Jill criticized national media coverage of the Jan. 6 demonstrations, which resulted in five deaths and injured more than 140 people.
Many Trump supporters allege the insurrection attempt was planned and carried out by far-left activists in Antifa — an anti-fascist political movement — dressed in Make America Great Again gear as imposters.
“He was there and he saw it,” Jill said of Tryon’s experiences in the march. “He witnessed all kinds of stuff.
“He was kicking them out of the crowd,” she added of left-wing activists. “There’s a story to be told here. It’s not the story the [national] media is going to tell.”
Tryon was expected to return home following the Tuesday afternoon court appearance. He did not speak during the 20-minute proceeding, held virtually on Microsoft Office Teams because of the COVID-19 pandemic, and agreed to his constitutional rights, which Stewart read aloud.

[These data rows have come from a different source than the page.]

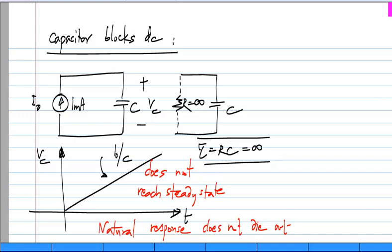It is possible for DC to be flowing through a capacitor, but such circuit will not reach steady state. Rather, more precisely, what I should be saying is the following.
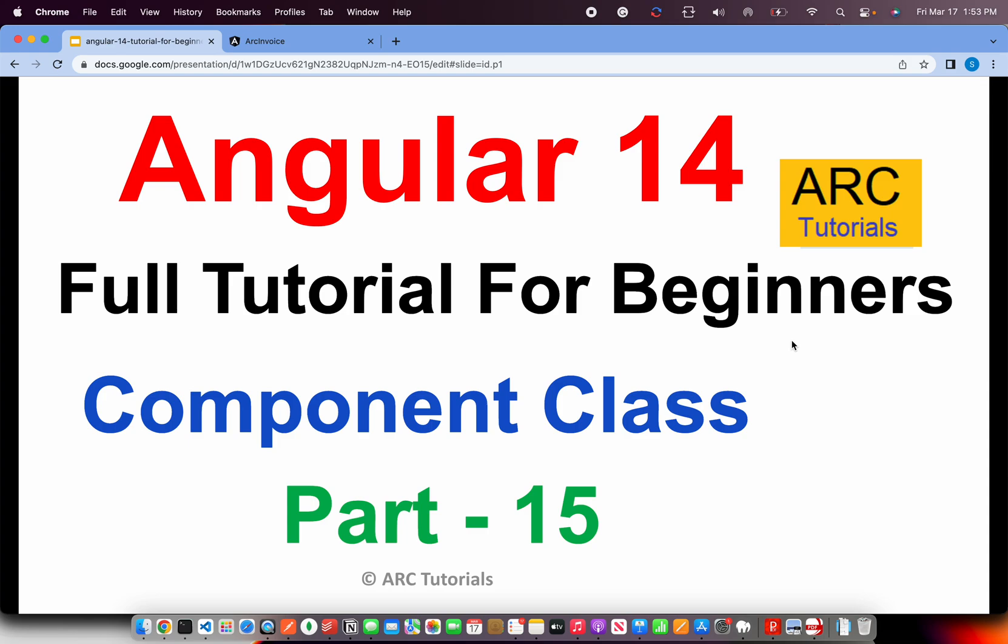Hey friends, welcome back to ARC Tutorials. This is Angular 14 full tutorial series for absolute beginners.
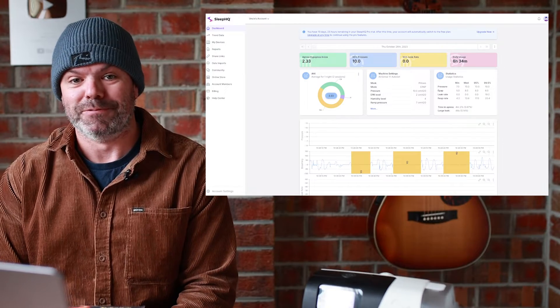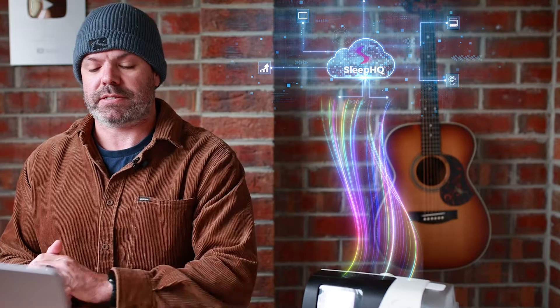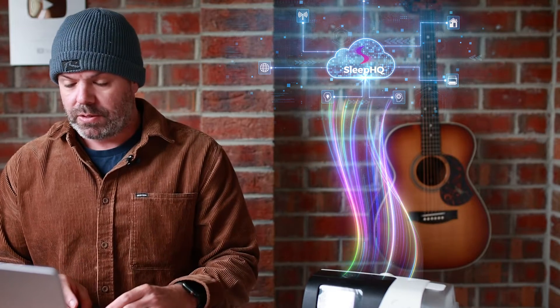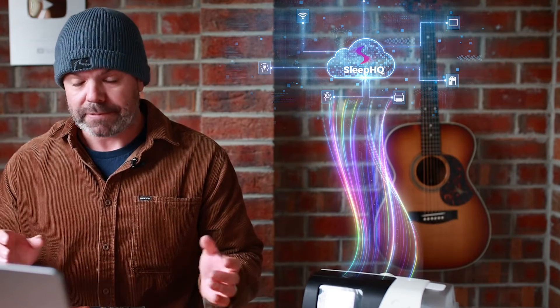That was a close call! Now that's a manual upload. If you like, we do have the Sleep HQ magic uploader, and this will automatically upload all your CPAP data — every breath you take — every 10 minutes, without you doing a thing.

Tryon is a frequent attendee and participant at Coeymans town meetings and often leads audiences in reciting the Pledge of Allegiance or a prayer before municipal meetings and events.

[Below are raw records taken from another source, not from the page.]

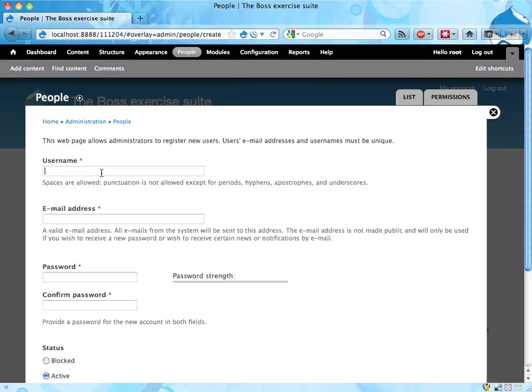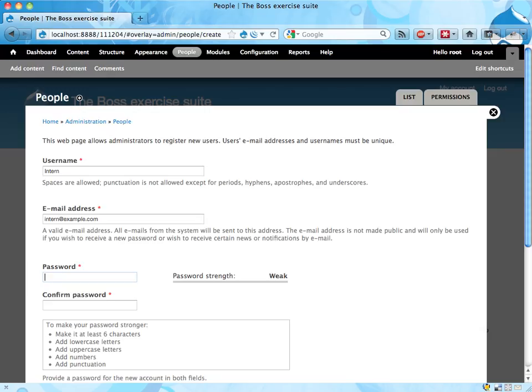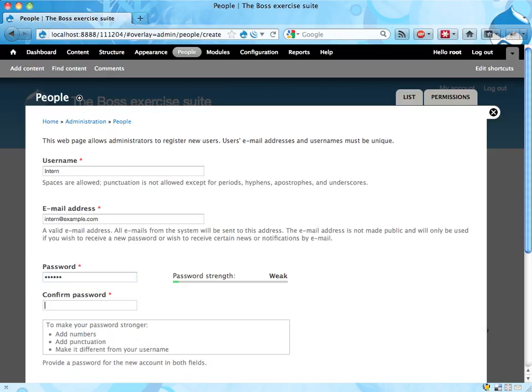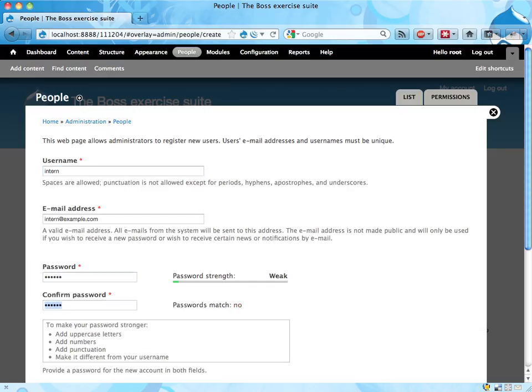For the username I'm going to call this one intern, internatexample.com, and for the password I'll just use intern here as well. Let's actually have all small letters.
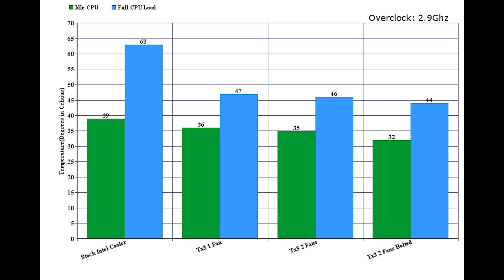So rather than just to leave you with those clips, I wanted to make this graph to kind of show everything all over again to show where we went from stock to one fan to two fans to two fans bolted in. And as you can see, the TX3 is a great choice over stock, but we all knew that to begin with. I just wanted to show an in-depth temperature comparison to help anyone that was on the fence decide if this cooler is going to work for them or not. So I really appreciate you watching this and I hope you have a great day. We'll see you next time.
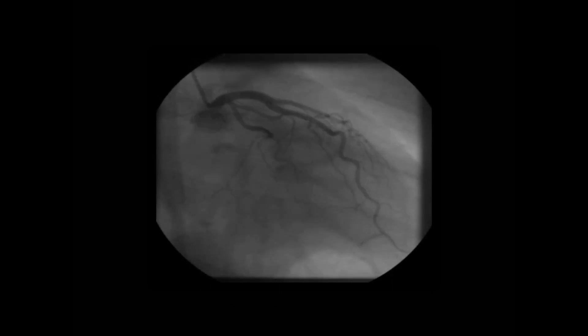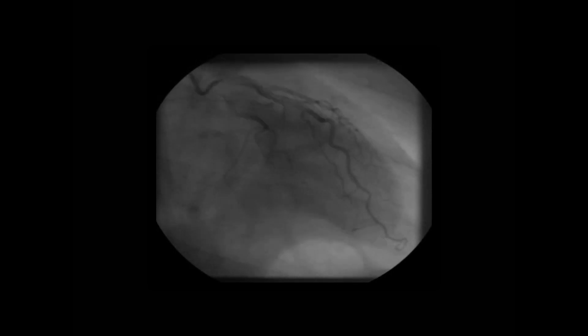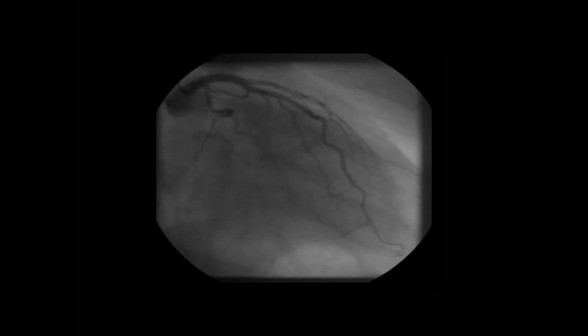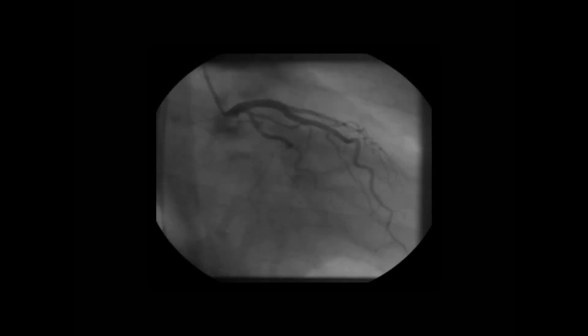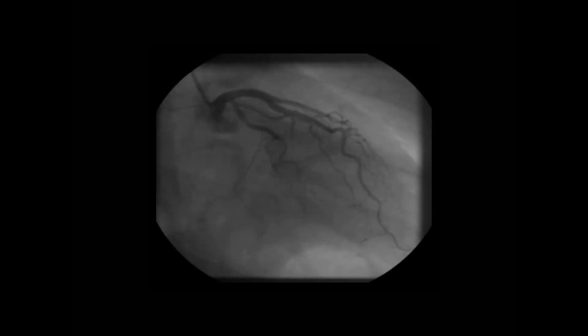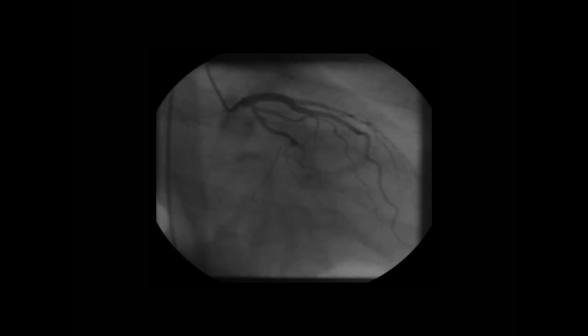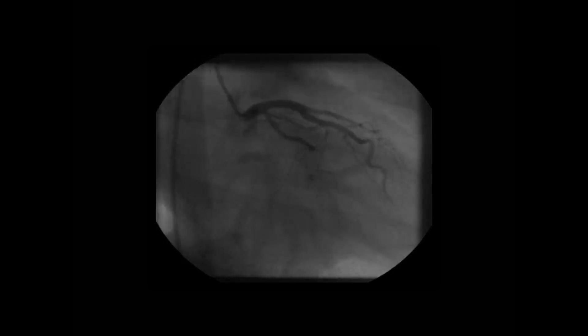CMR can show us the morphology of the left ventricle, the regional wall motion abnormalities, and allow us to quantify left ventricular function. However, we do need an invasive coronary angiogram to assess the coronary artery anatomy. This is the left coronary artery in a patient with Takotsubo cardiomyopathy, and we can see that the coronary arteries are entirely normal. The left anterior descending and circumflex coronary arteries show no evidence of any significant disease.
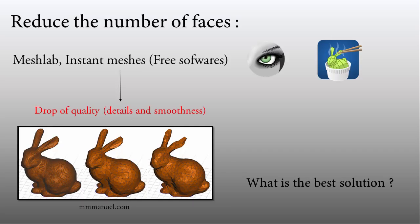The solution is to reduce the number of faces. You could use MeshLab or Instant Meshes for doing that. However, by decreasing the number of faces, you lose the quality of the surfaces and lose a lot of details. However, it will work.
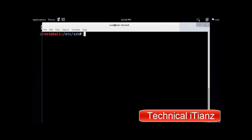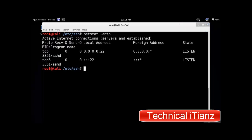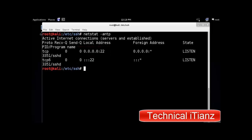After starting SSH, if you want to verify that the service is running, perform a netstat query. As we can see, the SSH daemon is listening on port 22.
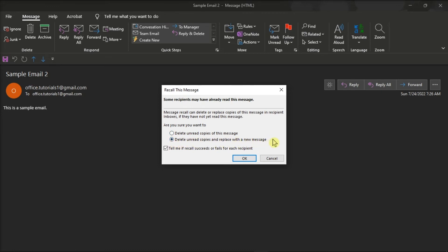You just have to take note that using their recall option does not guarantee the recipient won't get the message. It also does not guarantee that the email will vanish from their inbox either. And oftentimes, recalling an email fails.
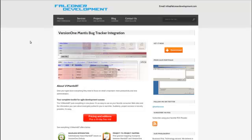It is designed to import Mantis issues directly into Version 1 as defects, eliminating the otherwise manual process. Let's take a look at how it works.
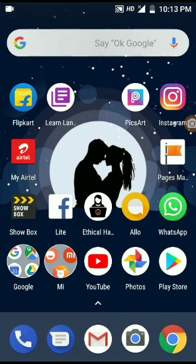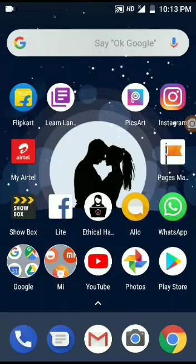Hi guys, welcome to Thamilak. This video is about how to check our WhatsApp data. We are downloading our WhatsApp data. We are mostly using WhatsApp, so we are collecting the data.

“He’s always been a very patriotic person — I’m pretty surprised to hear about it,” Coeymans Town Supervisor George McHugh said of Tryon’s federal charges.
Tryon is a member of local conservative activism group Liberty Bell Alliance 76, and has helped to organize protests and events at the state Capitol in Albany — including rallies last spring and summer.

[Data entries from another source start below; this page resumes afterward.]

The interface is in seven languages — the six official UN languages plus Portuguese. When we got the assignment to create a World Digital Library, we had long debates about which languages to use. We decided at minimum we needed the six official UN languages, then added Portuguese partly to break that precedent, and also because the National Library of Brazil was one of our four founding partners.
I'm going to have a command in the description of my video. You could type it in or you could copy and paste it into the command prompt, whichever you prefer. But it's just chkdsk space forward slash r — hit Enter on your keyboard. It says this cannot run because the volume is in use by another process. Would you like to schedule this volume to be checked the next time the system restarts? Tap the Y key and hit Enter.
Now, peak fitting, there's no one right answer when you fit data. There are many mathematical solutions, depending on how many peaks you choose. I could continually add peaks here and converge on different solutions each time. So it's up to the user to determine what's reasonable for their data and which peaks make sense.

McHugh said Tuesday he was not aware of the group’s involvement in town or the number of local members.
Tryon regularly submits nationalistic and conservative op-ed pieces to the town’s official newspaper, the weekly Ravena News-Herald, owned by Capital Region Independent Media since 2019.
Bethlehem and Coeymans police were not involved with the federal probe.
McHugh did not know other details about the investigation or Tryon’s arrest, and would not say if the charges would influence his future involvement with municipal events.
“It’s certainly way too early to speculate,” McHugh said. “I would only caution everyone that everyone is presumed innocent until proven guilty. It’s way too early for me to speculate on what his involvement would be with the town. He was just arrested today. A lot more facts have got to come out first.”
Tryon was held on the first floor of the federal courthouse for several hours Tuesday until his arraignment. He did not see his wife until afterward.
Assistant U.S. Attorney Joshua Rosenthal represented the prosecution.
Tryon was represented on a limited basis by Lauren Sang-Hee Owens of Albany personal injury firm Dreyer Boyajian LLP. He is slated to have different counsel when the case is prosecuted in the District of Columbia.
Tryon’s formal removal proceeding and identity hearing is scheduled for 2 p.m. April 13.
“Selkirk resident William Tryon was arrested by our office today for his role in the riot and assault on the Capitol on Jan. 6, 2021,” FBI Albany Field Office spokeswoman Sarah Ruane said in a statement. “We will continue to coordinate with our colleagues at the FBI Washington Field Office and the United States Attorney’s Office to bring to justice anyone who broke the law that day.”
Tryon’s case will be transferred to the U.S. Attorney’s Office in Washington.
“Because these charges are out of the United States Attorney’s Office in D.C., that is where a lot of it could transfer down to,” Ruane said. “His initial [appearance] will just be here.
“Outside of us arresting him, the rest of the case plays out in D.C.”
Anyone with information about the Jan. 6 insurrection at the Capitol is asked to call 1-800-CALL-FBI.